Manolo García conducía su coche por la carretera de Burgos cuando una furgoneta le embistió por detrás. Como vio a tiempo por el espejo retrovisor lo que se le venía encima, pudo salir ileso del empellón. Salió del coche hecho un basilisco y pudo contemplar la encarnación del concepto siniestro total en su vehículo.Del otro vehículo se bajó un moro. Y detrás del moro, un montón de moros. Manolo comenzó a gritarle al moro. Unos cuantos espontáneos se sumaron a su queja. Una señora, que declaró ser madre, se abalanzó sobre el moro primero y le abofeteó. Llegaron dos guardias civiles y le montaron al moro una de cuidado. Llegó una grúa y le pidió al moro una cantidad astronómica por llevarle el coche al taller.

El moro y los demás moros comenzaron a sentir que el mundo se les había echado encima.

Manolo García, que estaba hecho un basilisco, no tuvo más remedio que interponerse entre la madre y el moro, pedirles a los guardias su identificación y amenazarles con una denuncia, y explicarle al de la grúa que como le facturara lo dicho al moro se le iba a caer el pelo.

El moro acabó refugiado, con toda su familia, tras las anchas espaldas de Manolo.

Manolo acabó harto de la bronca.

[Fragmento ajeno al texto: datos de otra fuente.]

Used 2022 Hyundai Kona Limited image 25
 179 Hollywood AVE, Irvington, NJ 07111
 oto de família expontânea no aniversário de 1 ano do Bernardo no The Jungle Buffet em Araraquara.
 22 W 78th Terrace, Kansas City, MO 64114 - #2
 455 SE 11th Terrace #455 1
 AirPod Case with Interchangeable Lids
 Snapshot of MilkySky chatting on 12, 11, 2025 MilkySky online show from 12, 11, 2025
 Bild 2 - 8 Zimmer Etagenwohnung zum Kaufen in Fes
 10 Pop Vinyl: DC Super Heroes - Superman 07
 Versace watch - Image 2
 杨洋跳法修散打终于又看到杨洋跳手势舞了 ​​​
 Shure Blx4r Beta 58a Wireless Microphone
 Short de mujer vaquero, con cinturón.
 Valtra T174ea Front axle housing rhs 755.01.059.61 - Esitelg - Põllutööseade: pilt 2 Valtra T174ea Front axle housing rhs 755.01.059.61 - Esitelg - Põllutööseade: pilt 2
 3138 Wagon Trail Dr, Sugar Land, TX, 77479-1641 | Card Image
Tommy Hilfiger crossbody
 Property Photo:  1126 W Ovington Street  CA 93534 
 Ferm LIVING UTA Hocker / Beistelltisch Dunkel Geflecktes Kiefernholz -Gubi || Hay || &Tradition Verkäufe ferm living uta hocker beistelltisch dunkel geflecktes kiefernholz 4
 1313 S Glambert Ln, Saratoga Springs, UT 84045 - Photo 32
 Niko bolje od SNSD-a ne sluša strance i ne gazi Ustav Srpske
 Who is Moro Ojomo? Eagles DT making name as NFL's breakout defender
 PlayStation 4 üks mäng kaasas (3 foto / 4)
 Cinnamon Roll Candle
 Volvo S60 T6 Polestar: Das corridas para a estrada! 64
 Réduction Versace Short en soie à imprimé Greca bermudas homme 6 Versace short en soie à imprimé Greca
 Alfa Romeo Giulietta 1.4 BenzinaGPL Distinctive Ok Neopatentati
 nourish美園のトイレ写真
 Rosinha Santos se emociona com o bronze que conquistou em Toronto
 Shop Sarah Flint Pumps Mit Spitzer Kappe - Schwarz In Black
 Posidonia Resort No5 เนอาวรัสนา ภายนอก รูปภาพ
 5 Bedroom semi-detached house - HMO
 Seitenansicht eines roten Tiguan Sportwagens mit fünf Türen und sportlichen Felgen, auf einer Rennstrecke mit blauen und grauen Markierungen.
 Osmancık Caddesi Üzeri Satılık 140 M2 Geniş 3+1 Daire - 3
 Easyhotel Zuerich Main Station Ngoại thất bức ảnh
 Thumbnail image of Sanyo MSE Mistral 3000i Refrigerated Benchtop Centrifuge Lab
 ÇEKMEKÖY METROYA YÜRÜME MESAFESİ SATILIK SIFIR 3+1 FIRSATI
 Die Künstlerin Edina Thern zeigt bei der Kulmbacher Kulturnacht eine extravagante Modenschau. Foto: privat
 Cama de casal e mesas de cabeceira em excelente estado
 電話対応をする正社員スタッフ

Sin coche y sin poder montarle al moro el lío que el moro se merecía por ir a demasiada velocidad en una caravana de fin de semana.

Manolo está hasta las narices de que no le dejen enfadarse con un moro, ni con un negro, ni con un sudaca. Porque, cada vez que se enfada con uno, acaba teniendo que defenderle de los que le dan la razón.

Manolo y yo pedimos públicamente que se nos conceda el derecho a llamar hijoputa a un moro como si fuera un hijoputa alemán de raza aria. Pedimos que nadie nos ayude.